* EXERCISE BRIEF
Print the data exactly as written, line for line, and leave its pictures behind.

Saved entries
--- START ---
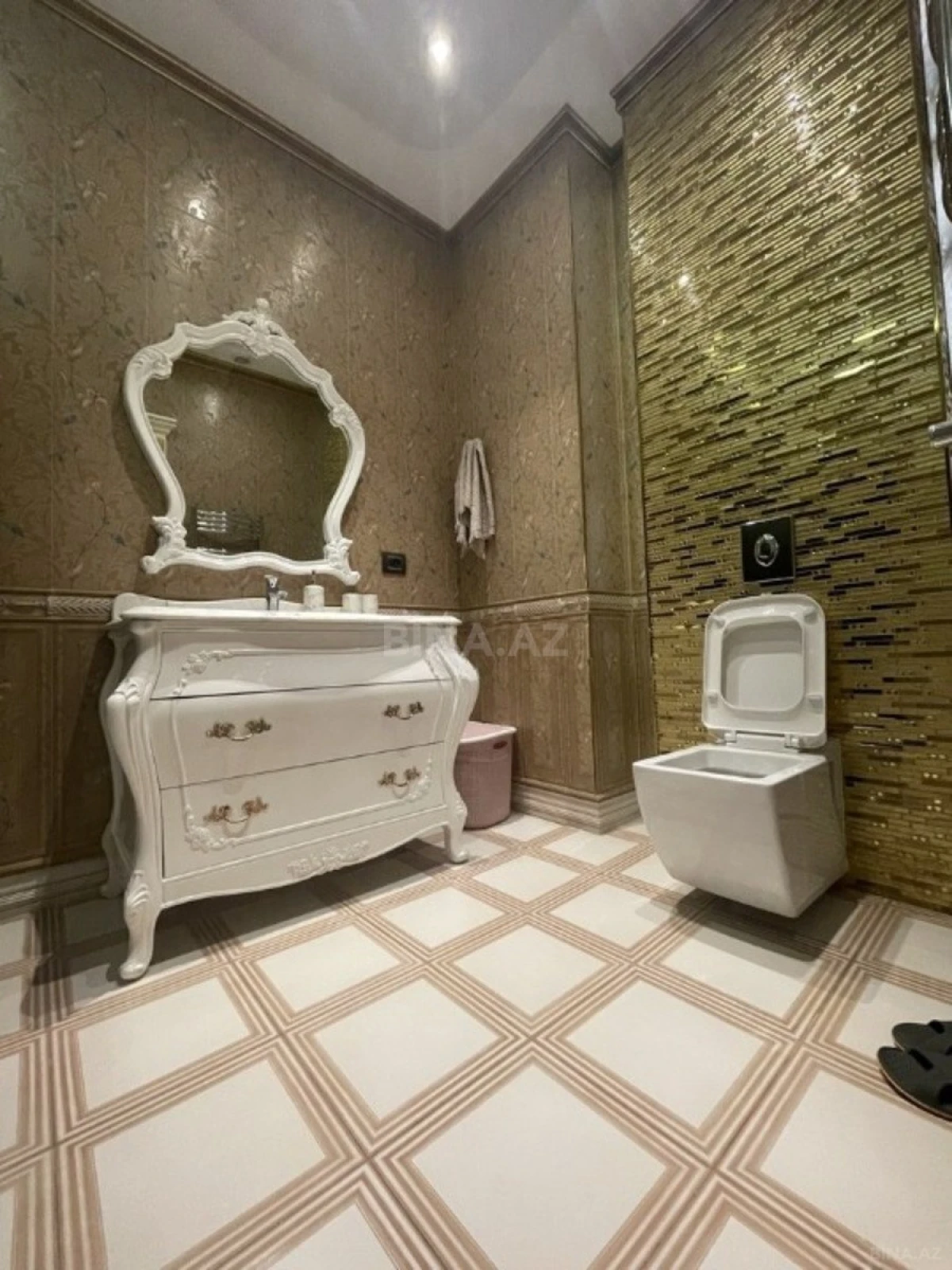 Kirayə verilir 3 otaqlı mənzil 153 m²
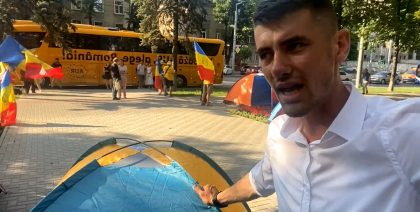 Partidul AUR a instalat mai multe corturi si protesteaza in fata sediului SIS Partidul AUR a instalat mai multe corturi si protesteaza in fata sediului SIS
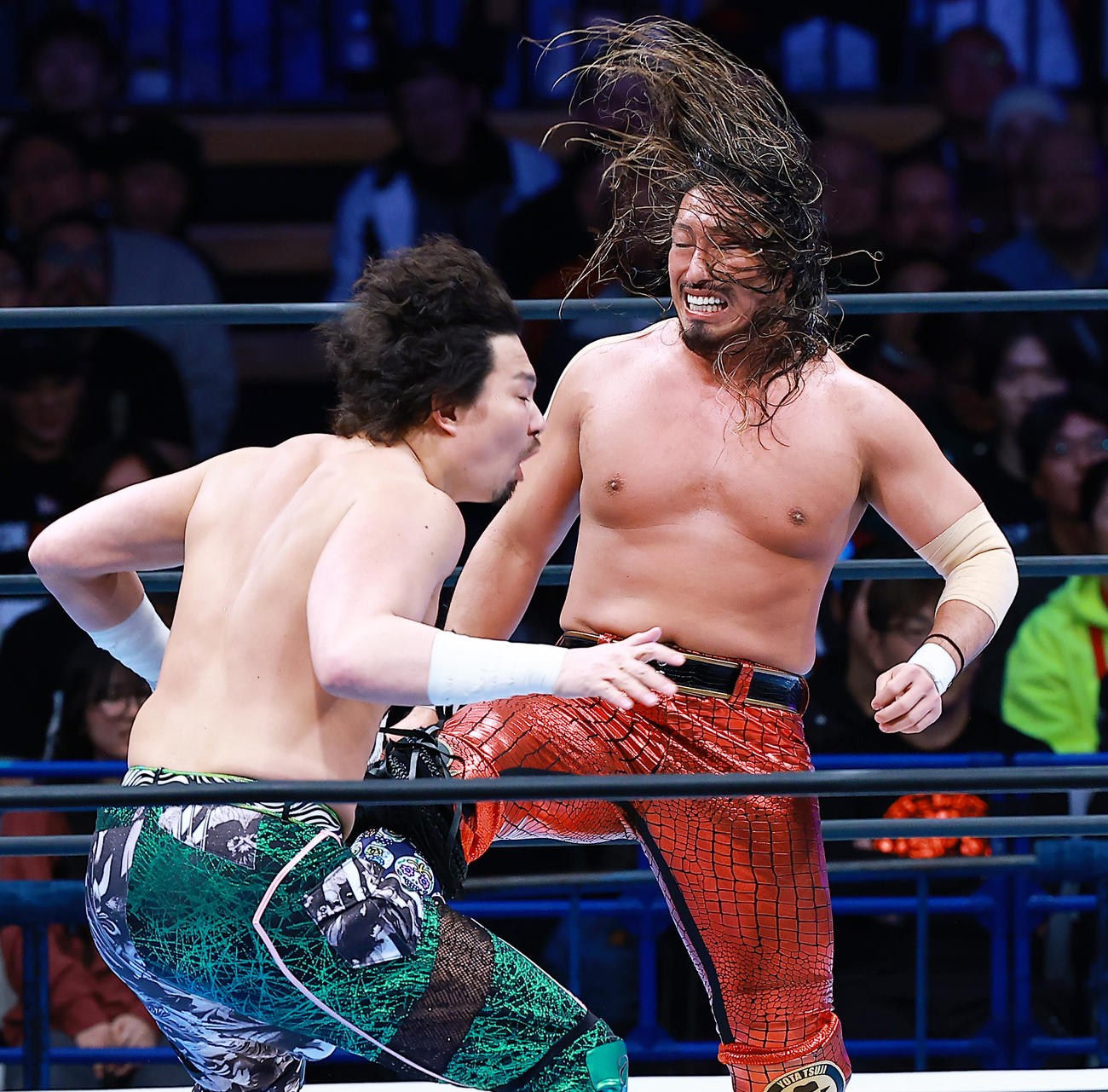 ジェイク・リー（左）を攻める辻陽太（撮影・野上伸悟）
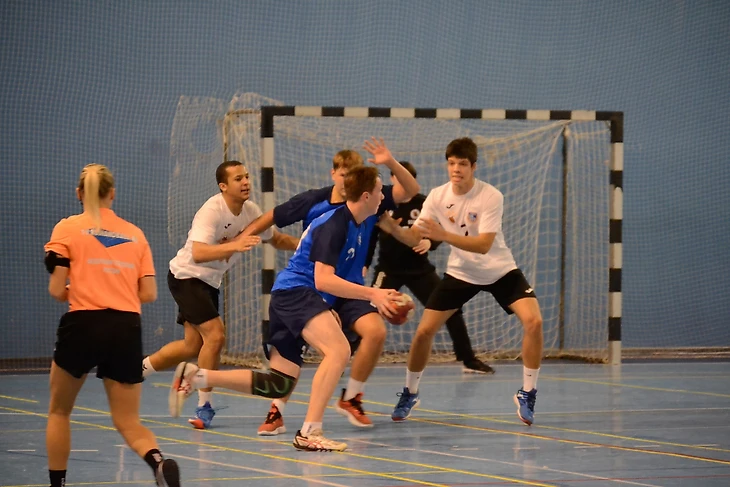 Первая лига. Михаил Чипурин: "Даём молодёжи возможность продолжить заниматься любимым делом", изображение №2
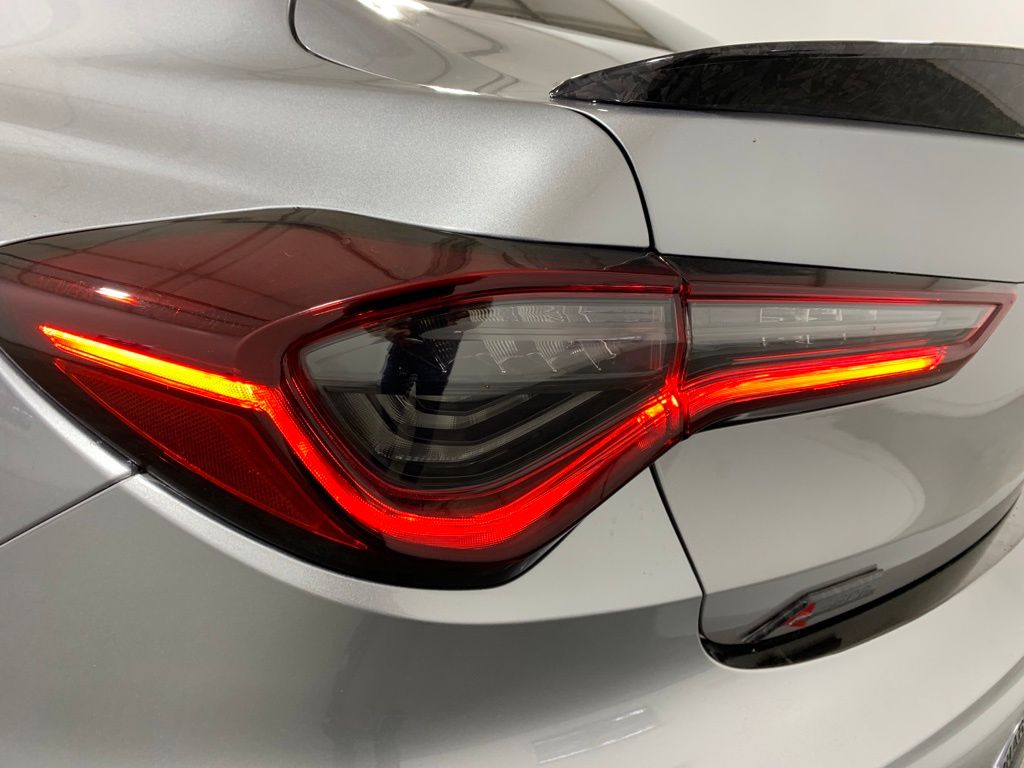 2022 Acura TLX A-Spec 10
--- END ---
* YOUR RESPONSE
 Kirayə verilir 3 otaqlı mənzil 153 m²
 Partidul AUR a instalat mai multe corturi si protesteaza in fata sediului SIS Partidul AUR a instalat mai multe corturi si protesteaza in fata sediului SIS
 ジェイク・リー（左）を攻める辻陽太（撮影・野上伸悟）
 Первая лига. Михаил Чипурин: "Даём молодёжи возможность продолжить заниматься любимым делом", изображение №2
 2022 Acura TLX A-Spec 10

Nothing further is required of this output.